The Angels made little noise in terms of player acquisitions over three days at the winter meetings. They said nothing substantive about where they stood with Shohei Ohtani. They left Tennessee with the promise of further deals to come.
“As we sit here today, I feel like there’s ways to improve that are closer today than they were yesterday,” general manager Perry Minasian told reporters from his suite Wednesday morning, his final scrum of the meetings. “So we’ll see what happens the rest of the way.”
On Tuesday, the Angels were reported to be in agreement on a deal to bring back veteran reliever Luis García, for one year and $4.25 million. On Wednesday evening, they had an agreement on a deal with reliever Adam Cimber, a person with knowledge of the agreement but unauthorized to speak about it said. Cimber’s deal is for a reported $1.65 million for one year.
The only additions confirmed by the team over the course of the meetings: two minor league players picked up in the Rule 5 Draft, first baseman Eric Wagaman and right-handed relief pitcher Ryan Miller; and two players signed to minor league deals with invites to major league spring training, outfielder/designated hitter Willie Calhoun and right-handed reliever Travis MacGregor.
Other confirmed signings, before the start of the meetings: left-handed reliever Adam Kolarek, on a one-year $900,000-major league deal; and two others signed to minor league deals with invites to spring training, right-handed pitcher Carson Fullmer, who was with the Angels organization in 2023, and infielder Charles LeBlanc.
So far, the Angels’ offseason acquisitions seem to be shaping up to look like previous offseasons in terms of type of talent, potential and price.
For example, García, who is 36 and is an 11-season veteran, and Cimber, who is 33 and is a six-year veteran, both had down years in 2023, but have had success in previous seasons. Cimber was limited to 22 games in 2023 because of injuries.

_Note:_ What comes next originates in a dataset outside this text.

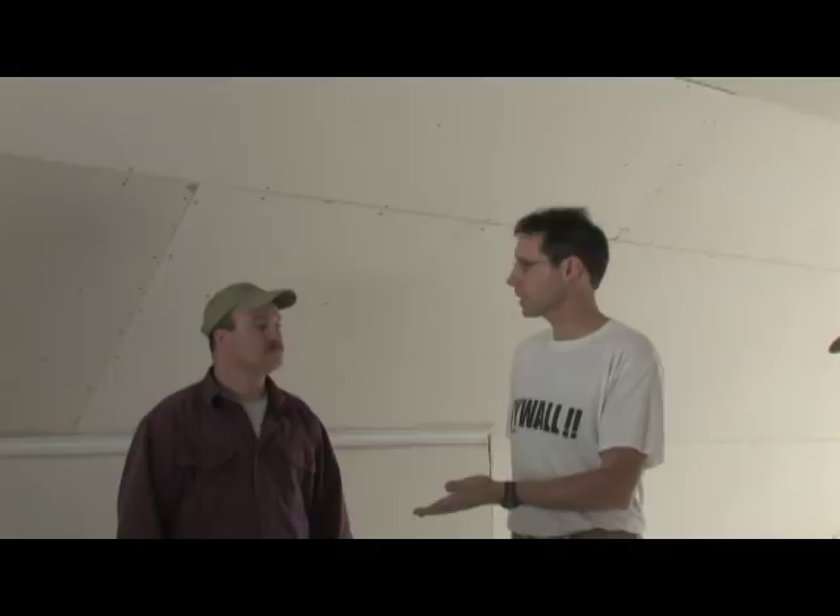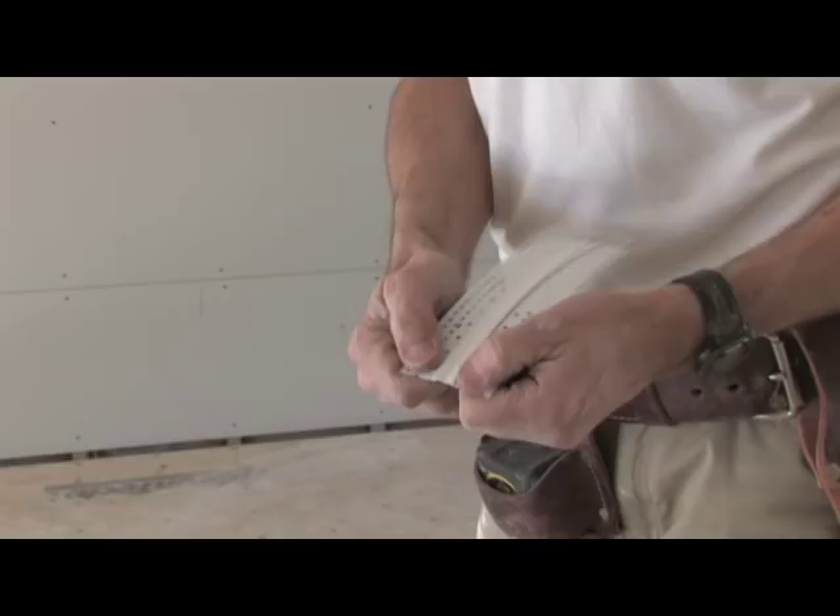Well, what I'm going to be using here, Matt, is a product called Magic Corner from Trimtex. It's actually a vinyl type expansion bead that fits into these off angles. I'm going to show you how to properly install the Magic Corner.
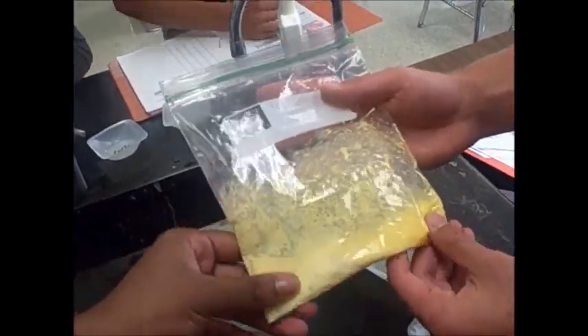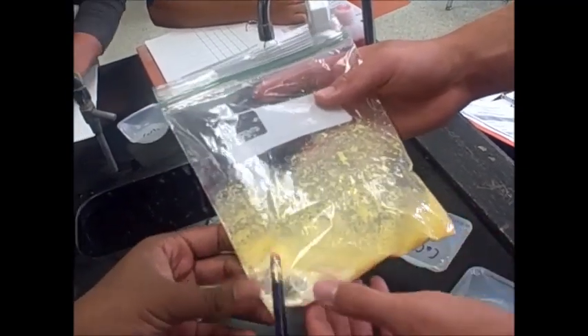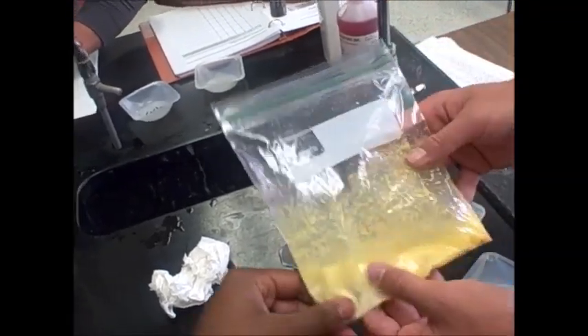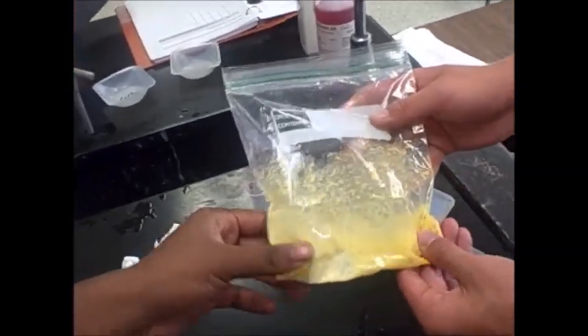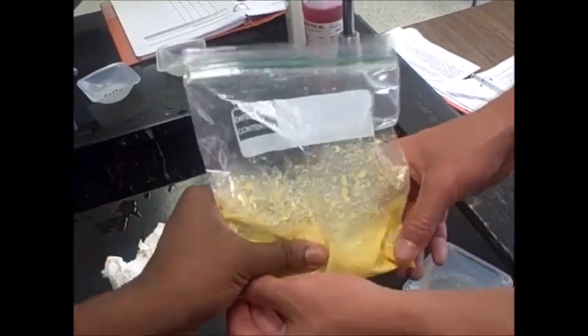Okay, what else do you have? Anything else? The sodium bicarbonate and the calcium chloride dissolved. Okay, it's still warm too. Yeah, it is. Okay, let's see the tail. Alright, yeah, I am ready.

MacGregor, 26, has never played in the big leagues and Calhoun, 29, has played parts of seven seasons with the Texas Rangers, San Francisco Giants and, most recently, the New York Yankees.
The slow roll on acquiring players — compared with how quickly they acquired new major league talent in the 2022 offseason — can be attributed to their lingering Ohtani-shaped question mark.
It was believed that Ohtani will command a record-setting deal with whatever team he signs with. Any team that wants Ohtani has to consider what the effect of his contract will be on the rest of its payroll.
Owner Arte Moreno’s Angels have a history of splurging on one or two players, then being creative, and at times frugal, with the rest of their budget to remain under the luxury tax threshold.
This offseason, the Angels have been entertaining the trade market, in particular, at least based on the emphasis of “the trade market” in comments Minasian has made over the last few days. But they have also inquired about several free agents, according to a person with knowledge of their free-agent searches but unauthorized to speak publicly about them.
Knowing whether they will be paying Ohtani for a longer period of time will have big implications on the Angels’ payroll. And until Ohtani makes his decision, the Angels will have to continue considering their limitations if they want to stay under the first tax threshold.